My colleagues and I at LIRNEasia are delighted that Rohan Samarajiva has been appointed as the Chair of the ICT Agency of Sri Lanka.  As a frequent commentator on ICTs, development and regulation, it’s well known that he has a strategic vision of what the ICT sector can achieve and contribute to Sri Lanka’s people and our country’s place in the world.  As a former regulator, he knows the important role government (or a government agency like ICTA) can play in enabling that vision. But at the same time (and what I consider an important facet) is that he is a firm believer in what government does NOT have to do, if the private sector, well-functioning markets, and a civil society are available.  So ICTA is in good hands in terms of finding it’s “place” in the world, and hopefully enabling the ICT-actors in Sri Lanka and citizens reaching their maximum potential.

But I’m happy for another reason – while Rohan is a policy intellectual, he’s is also a dreamer of good organizational design. “Islands of good governance” was a term I and my colleagues at LIRNEasia have often heard from Rohan Samarajiva, LIRNEasia’s Chair and Founding CEO. When I moved back to Sri Lanka nearly 15 years ago, Rohan was in charge of infrastructure reform for the Government of Sri Lanka (as Team Leader of PIPU, the Public Infrastructure Program Unit).
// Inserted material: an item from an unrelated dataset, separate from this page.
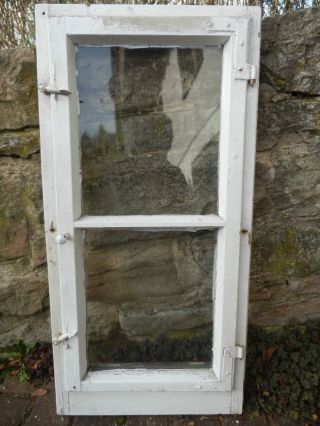 Altes Sprossenfenster - Vorsatzfenster - Vorlagefenster Mit Rahmen Bild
At PIPU and later the Public Utilities Commission of Sri Lanka (PUCSL), he was trying to create small, effective organizations inside governments, that would attempt to work differently, unbound by the slow and hierarchical nature of government.  He had been instrumental in negotiating the funding (from the World Bank) and setting up the ICT Agency of Sri Lanka.

When I joined ICTA in its early days I could see how ICTA and eSri Lanka’s architects (including Rohan) intended it to be different – owned by government, but working in private-sector-like efficiency; small but acting as a catalyst; using ICTs as a tool but cross-cutting impact. Back then, ICTA was a dynamic place – people gave up good private sector jobs to work there. It attracted public servants (from government) who were willing to undertake the battle to make government more accessible to citizens.  Anyone who knows anything about ICTs and governance could predict how this was going to a tough journey in Sri Lanka. While ICTA has had many successes in its lifetime, it was also a political football that was used (and misused) by successive regimes. Luckily for Rohan, he was no longer in government by the time all this started happening – he had gone on to start another new organization – LIRNEasia, meant to catalyze policy change through evidence, working as a small but effective organization, motivated by impact, not office politics. Luckily for me and my colleagues, LIRNEasia has managed to retain that character to a great extent over the years. This is not something that happens naturally, but something we work hard at. Rohan is a key part of creating that internal culture.

So with this new appointment, Rohan now gets to work with ICTA’s CEO and staff to create an “island of good governance”, to once again make ICTA into a dynamic, results-oriented and well-governed organization. Like its original designers envisioned.

1 Comment


  1. Social and economic inclusion is the responsibility of the State and only addresssbible though an enabling state that has capable institutions to coordinate state, public and private and civil society efforts to achieve this. Even in mature economies it is recognised that neither the state nor private sector can deliver solutions for digital economy and society on their own. With resource constraints this is all the more so in developing economies. Harnessing the talents and experience of the brightest and the best for public service has been the key to the success of the Asian developmental states . Failure to do so is also what crippled the crony capitalist states of Africa and Latin America that used developmentalism to plunder state resources to buttress systems of patronage. The cronyism that emerged from the lack of institutional transparency and authoritarian politics is also what unraveled many of the gains in some of the Asian tigers. A construct of the world bank in Africa to create institutions that were more malleable to tied aid than the ‘autonomous’ regulators created by the GATS reform of the 80s and more savvy than many of the pre-digital rulers that characterise many of the in perpetuity leadership in Africa the establishment of these usually unautonomous institutions has caused institutional friction, enabled narrow political agendas, self interest and corruption . As a result this is a set up for failure job in many countires. If there is one person who has the competencies and sheer bloody mindedness required to lead and build the institutional capacities and integrity of such institutions in order to realize the national vision of a ‘digitally inclusive Sri Lanka’ it is Rohan. Good luck. Aluta continua!